◆ **Recorded data**:
=-=-=-=-=

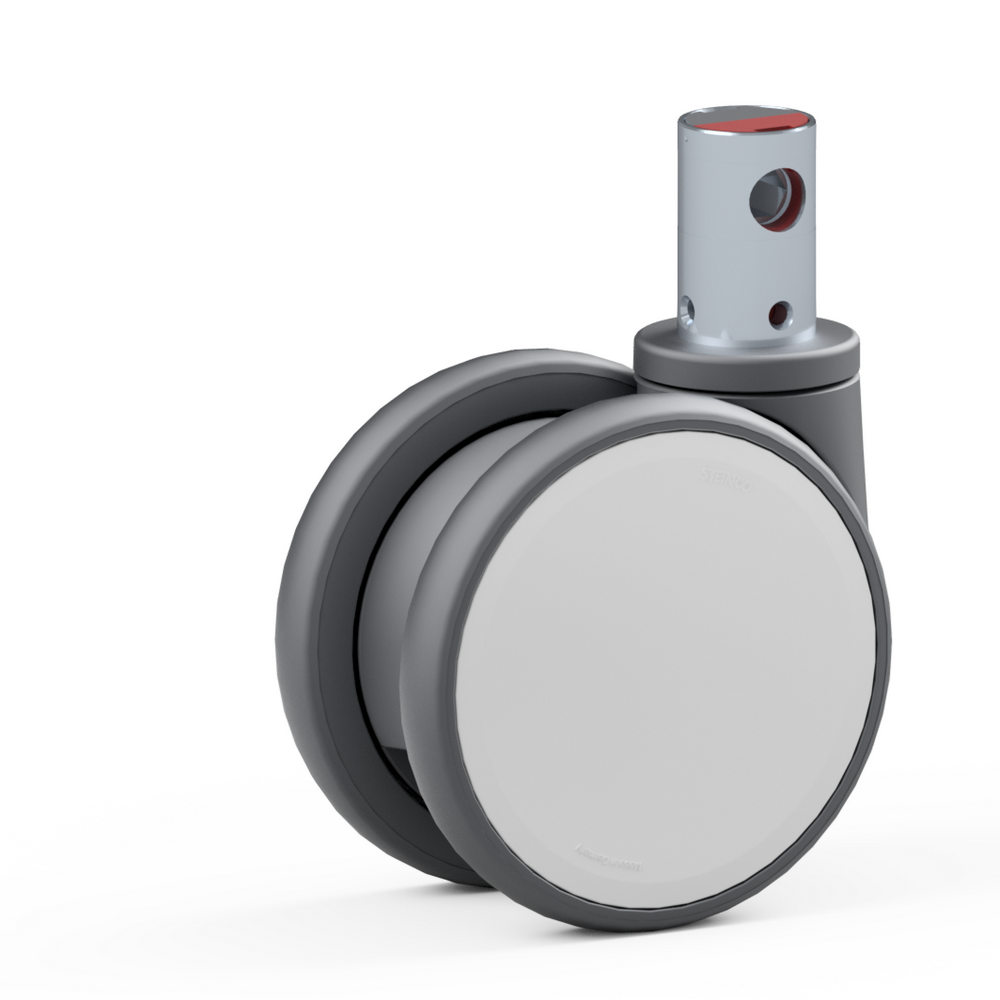 4.Y6E0.FQB0, Double swivel castor, ∅ 150 mm, Ball bearing, TPU, Stem for central locking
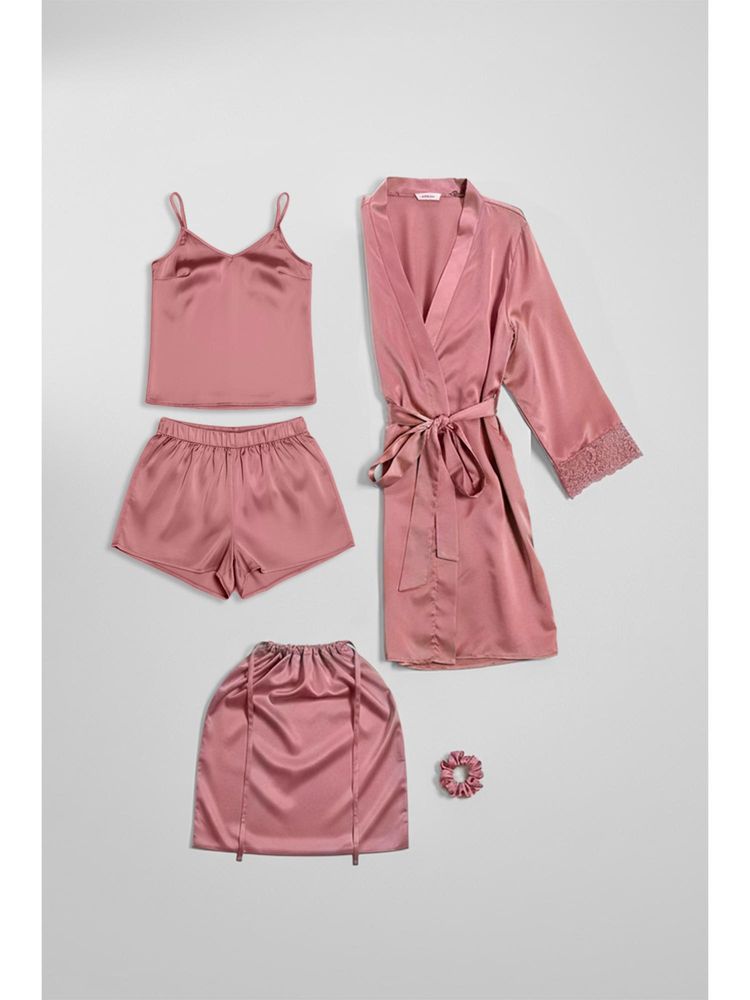 Zivame Luxe Satin Sleep Nightsuit - Rosette-picture-11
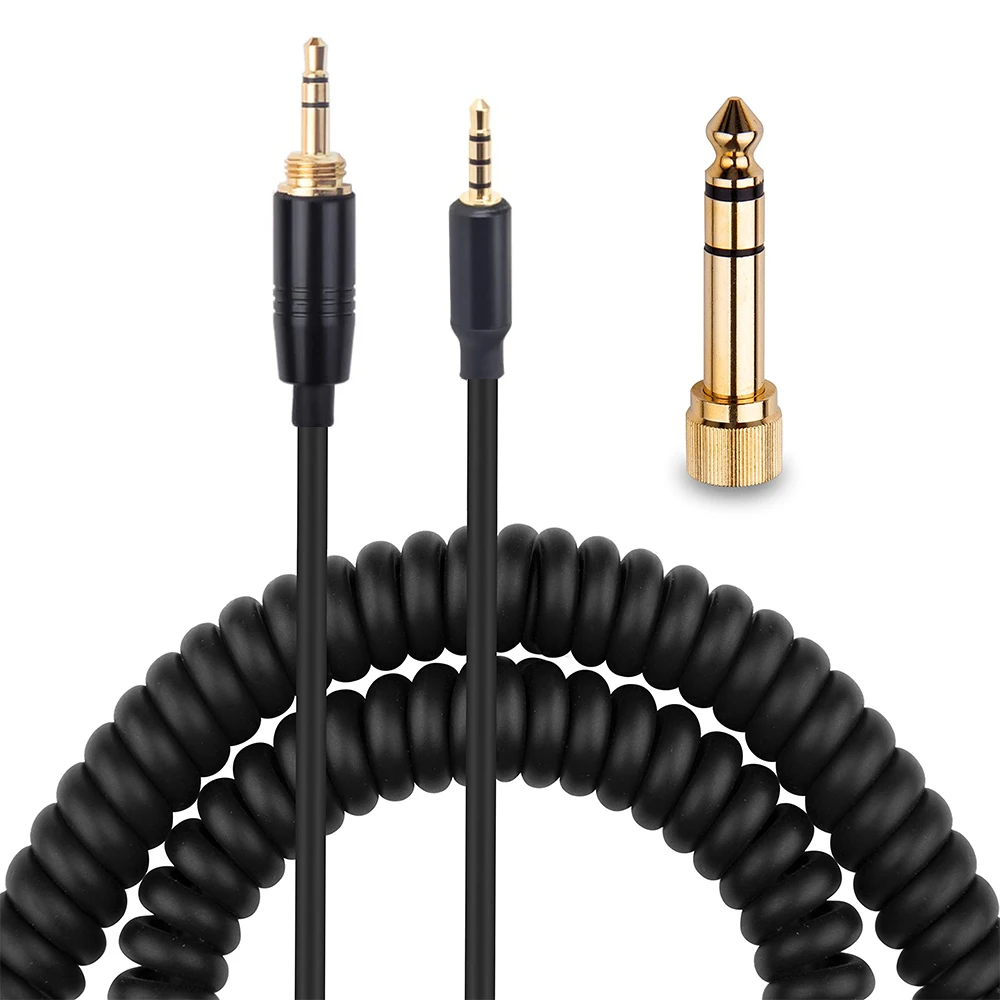 6.35mm Spring Coiled Replacement Cable Extension Cord For Cowin E8 E 8 Bluetooth Headphones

=-=-=-=-=

◆ **Required work**: Reproduce the data above in full, exactly, with the images removed.

◆ **Reply**:
 4.Y6E0.FQB0, Double swivel castor, ∅ 150 mm, Ball bearing, TPU, Stem for central locking
 Zivame Luxe Satin Sleep Nightsuit - Rosette-picture-11
 6.35mm Spring Coiled Replacement Cable Extension Cord For Cowin E8 E 8 Bluetooth Headphones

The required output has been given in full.